Interestingly, marketing a theatrical feature film is a bit like selling a product just one time. The production cost of big movies can be so high and the attention span of the market so brief, that opening weekend, box-office revenue has become an even more critical threshold for many films than it was just ten years ago.  Naturally, Hollywood studios did not create the pressures of this market alone; they had help from the same digital technologies that today provide us consumers with myriad other options to entertain ourselves on any given weekend—or even the opportunity to pirate films rather than to see them in theaters.  So, yes, the marketing urgency is fraught with the need to capture the fickle audiences that remain willing to go to the movies. But advertising is still not going to drive consumers to do anything they don’t want to do.

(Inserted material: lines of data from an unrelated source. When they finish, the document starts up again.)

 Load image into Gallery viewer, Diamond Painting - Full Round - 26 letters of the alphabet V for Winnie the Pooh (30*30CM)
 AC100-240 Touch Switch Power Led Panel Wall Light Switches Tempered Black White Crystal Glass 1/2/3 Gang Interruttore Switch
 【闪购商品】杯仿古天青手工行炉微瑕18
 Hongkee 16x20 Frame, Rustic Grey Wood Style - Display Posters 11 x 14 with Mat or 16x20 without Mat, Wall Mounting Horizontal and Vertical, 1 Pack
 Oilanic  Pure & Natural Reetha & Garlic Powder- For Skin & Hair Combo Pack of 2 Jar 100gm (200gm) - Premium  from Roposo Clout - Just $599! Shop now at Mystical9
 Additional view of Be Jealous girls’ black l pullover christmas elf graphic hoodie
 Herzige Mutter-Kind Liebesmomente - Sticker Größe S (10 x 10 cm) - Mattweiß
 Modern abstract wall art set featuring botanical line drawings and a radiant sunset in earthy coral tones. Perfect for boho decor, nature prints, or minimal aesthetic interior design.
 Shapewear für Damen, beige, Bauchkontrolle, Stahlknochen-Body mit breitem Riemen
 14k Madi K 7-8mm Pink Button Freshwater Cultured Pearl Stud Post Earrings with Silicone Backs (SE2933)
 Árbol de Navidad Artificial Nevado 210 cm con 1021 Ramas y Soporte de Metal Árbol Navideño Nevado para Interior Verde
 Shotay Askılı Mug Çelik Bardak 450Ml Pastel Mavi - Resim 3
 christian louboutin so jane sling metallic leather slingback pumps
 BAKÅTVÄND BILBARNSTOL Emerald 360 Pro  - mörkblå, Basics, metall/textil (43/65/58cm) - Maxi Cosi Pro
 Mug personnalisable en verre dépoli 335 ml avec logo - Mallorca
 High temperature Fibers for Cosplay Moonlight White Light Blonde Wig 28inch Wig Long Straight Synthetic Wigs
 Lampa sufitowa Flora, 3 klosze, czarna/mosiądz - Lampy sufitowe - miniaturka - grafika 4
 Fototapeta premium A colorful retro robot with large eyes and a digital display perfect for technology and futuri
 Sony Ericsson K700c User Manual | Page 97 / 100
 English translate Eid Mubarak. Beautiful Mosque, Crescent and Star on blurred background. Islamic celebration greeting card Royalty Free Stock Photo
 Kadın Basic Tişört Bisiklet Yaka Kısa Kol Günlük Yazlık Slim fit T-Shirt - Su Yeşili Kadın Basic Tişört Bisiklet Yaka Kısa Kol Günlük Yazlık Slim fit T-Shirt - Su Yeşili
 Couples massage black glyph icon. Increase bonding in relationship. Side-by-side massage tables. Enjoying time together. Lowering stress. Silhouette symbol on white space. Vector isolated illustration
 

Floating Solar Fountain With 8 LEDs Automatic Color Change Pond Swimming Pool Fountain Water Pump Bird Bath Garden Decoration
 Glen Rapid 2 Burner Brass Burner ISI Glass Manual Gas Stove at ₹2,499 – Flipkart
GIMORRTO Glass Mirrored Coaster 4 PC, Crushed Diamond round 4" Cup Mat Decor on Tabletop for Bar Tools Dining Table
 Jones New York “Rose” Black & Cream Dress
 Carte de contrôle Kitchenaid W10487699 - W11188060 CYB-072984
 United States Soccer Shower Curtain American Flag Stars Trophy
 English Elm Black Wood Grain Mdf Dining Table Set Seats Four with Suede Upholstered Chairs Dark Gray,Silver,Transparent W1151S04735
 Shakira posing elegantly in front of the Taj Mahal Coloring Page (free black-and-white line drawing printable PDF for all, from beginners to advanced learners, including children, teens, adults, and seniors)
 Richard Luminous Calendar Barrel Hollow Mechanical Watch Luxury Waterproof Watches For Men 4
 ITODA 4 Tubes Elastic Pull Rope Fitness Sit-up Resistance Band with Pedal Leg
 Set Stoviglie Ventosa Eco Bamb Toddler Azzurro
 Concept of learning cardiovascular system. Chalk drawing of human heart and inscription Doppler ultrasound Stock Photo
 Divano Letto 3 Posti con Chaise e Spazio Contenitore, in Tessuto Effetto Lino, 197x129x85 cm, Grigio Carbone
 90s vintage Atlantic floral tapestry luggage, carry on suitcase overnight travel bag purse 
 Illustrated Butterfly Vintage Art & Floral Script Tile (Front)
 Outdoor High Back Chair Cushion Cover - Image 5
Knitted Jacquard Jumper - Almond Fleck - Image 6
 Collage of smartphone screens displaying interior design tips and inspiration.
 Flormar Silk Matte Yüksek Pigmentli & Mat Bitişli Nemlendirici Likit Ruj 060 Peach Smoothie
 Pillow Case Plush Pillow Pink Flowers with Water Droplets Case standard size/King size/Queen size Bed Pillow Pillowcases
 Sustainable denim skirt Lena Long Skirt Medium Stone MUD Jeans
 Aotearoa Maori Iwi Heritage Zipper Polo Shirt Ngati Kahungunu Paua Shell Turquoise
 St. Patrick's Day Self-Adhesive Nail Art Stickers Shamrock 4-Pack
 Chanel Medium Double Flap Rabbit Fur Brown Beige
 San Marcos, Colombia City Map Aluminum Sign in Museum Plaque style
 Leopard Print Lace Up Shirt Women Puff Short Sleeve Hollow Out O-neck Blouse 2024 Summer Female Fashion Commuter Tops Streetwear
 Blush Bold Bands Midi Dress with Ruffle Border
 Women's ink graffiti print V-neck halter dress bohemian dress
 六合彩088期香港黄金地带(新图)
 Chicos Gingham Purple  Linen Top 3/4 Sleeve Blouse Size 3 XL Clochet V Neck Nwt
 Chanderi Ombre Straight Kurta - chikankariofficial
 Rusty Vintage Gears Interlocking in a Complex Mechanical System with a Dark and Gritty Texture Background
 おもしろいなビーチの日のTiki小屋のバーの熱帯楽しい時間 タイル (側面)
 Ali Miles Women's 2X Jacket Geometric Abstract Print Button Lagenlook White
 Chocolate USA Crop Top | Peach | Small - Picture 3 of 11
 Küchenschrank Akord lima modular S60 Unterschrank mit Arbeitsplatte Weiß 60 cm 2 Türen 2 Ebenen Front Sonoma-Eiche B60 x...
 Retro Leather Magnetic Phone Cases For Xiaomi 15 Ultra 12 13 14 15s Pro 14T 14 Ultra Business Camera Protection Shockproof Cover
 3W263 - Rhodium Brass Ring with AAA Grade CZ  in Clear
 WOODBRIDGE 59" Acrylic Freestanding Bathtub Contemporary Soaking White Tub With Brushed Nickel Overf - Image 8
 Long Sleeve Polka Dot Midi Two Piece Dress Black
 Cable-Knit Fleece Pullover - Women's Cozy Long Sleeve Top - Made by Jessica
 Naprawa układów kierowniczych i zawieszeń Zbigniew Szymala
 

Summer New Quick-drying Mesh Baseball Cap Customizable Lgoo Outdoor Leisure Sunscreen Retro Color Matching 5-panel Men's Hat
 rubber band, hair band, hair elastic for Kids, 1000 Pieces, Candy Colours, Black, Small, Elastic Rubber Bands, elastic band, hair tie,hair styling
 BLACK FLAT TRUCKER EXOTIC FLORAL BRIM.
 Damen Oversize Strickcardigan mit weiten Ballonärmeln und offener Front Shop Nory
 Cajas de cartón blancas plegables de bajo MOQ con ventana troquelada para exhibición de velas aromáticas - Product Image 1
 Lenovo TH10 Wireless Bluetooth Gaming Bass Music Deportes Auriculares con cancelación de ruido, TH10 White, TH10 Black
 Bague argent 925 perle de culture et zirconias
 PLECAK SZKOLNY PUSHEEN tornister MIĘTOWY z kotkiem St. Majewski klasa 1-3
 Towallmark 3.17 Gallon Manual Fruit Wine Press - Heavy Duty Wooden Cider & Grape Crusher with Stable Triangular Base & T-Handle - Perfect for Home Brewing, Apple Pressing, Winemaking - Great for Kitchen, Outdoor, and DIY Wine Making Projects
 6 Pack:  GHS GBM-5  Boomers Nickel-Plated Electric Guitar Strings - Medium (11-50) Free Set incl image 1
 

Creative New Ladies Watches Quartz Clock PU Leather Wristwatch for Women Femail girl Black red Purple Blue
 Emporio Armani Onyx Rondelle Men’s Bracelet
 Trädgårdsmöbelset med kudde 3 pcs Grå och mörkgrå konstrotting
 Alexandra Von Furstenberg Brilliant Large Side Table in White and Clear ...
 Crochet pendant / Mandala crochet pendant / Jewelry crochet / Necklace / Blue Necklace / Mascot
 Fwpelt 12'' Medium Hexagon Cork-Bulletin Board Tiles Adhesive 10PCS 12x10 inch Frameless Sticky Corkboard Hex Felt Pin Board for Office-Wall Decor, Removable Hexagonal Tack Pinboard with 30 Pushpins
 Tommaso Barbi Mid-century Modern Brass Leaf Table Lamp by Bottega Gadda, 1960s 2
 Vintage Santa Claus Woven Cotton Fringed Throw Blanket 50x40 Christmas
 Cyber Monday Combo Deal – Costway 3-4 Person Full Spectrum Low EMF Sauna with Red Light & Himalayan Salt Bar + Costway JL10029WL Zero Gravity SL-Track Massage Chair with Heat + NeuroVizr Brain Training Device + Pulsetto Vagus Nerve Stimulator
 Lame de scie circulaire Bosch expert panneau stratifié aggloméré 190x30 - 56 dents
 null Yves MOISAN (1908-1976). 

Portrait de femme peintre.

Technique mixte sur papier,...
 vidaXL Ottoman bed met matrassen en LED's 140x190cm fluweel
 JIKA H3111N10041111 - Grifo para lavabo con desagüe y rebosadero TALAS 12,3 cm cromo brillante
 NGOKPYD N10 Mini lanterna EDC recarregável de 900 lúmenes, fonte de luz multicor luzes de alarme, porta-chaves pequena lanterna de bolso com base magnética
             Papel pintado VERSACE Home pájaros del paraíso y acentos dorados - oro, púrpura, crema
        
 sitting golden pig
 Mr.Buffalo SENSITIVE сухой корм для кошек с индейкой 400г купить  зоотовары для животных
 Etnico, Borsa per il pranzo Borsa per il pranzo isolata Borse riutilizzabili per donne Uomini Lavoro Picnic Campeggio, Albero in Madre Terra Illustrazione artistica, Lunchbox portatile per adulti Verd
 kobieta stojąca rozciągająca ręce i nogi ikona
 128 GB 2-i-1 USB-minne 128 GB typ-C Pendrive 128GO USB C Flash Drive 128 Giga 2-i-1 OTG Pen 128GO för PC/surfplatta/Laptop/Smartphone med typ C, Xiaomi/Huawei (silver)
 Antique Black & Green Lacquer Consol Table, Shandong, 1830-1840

Nevertheless, a strange, complementary sentiment to the trope that piracy is good for promoting movies is one that wants to believe that the official marketing of theatrical features is nothing but a grotesquely expensive effort to “cram lousy entertainment down people’s throats.”* Some readers may immediately notice the contradiction that if the entertainment product itself is assumed to be lousy and unwanted, there’s really no point in discussing its promotion, either by traditional or piratical means. Yet, this rather obvious hypocrisy is overlooked when the pirate user or promoter effectively says,  “I hate Hollywood and its terrible movies, and besides piracy is good for promotion.”

Surely, if both of these statements are true, then one would want to avoid “helping” the industry one hates. But of course both statements are not necessarily true; and in a macro sense, neither statement is true.  If millions of viewers had, for example, no interest in seeing Quentin Tarantino’s Hateful Eight, these same uninterested viewers would surely not be eager to watch ripped versions of the film on little screens. No, the reason the widely reported, pre-release piracy of this movie was a big deal is because the film is already a big deal—and it’s not the piracy that made it big.  Tarantino’s track record and his cast of famous actors were not exactly suffering from obscurity when the group calling itself Hive-CM8 decided to leak the film ahead of its theatrical release. And the suggestion that this kind of blockbuster film needs the pirates to “promote” their movie is adorably silly.

Fueling this rationale, though, it seems it has become more common for consumers—or at least piracy apologists—to feel they have been “ripped off” whenever a film is disappointing.  This trend, if it is a trend, is a strange way to approach the experience of moviegoing.  A film isn’t a fifteen-hundred-dollar appliance you rely on in your home every day; it’s two hours of entertainment shared with family or a date or friends.  It’s an experience that, even if it’s bad, provides a basis for discussion or thought or criticism or ridicule. I say this as someone who likes far less mainstream fare than many viewers; and so I don’t really understand the “consumer protection” attitude being applied to entertainment through the filter of rationalizing piracy.  After all, I would never walk into an Avengers film expecting anything other than spectacle and fight scenes and banter; but I would also never walk into a Spike Jonze movie thinking, “Man if he doesn’t deliver as well as his last film, I’m going to demand my money back.”  That just isn’t how it works.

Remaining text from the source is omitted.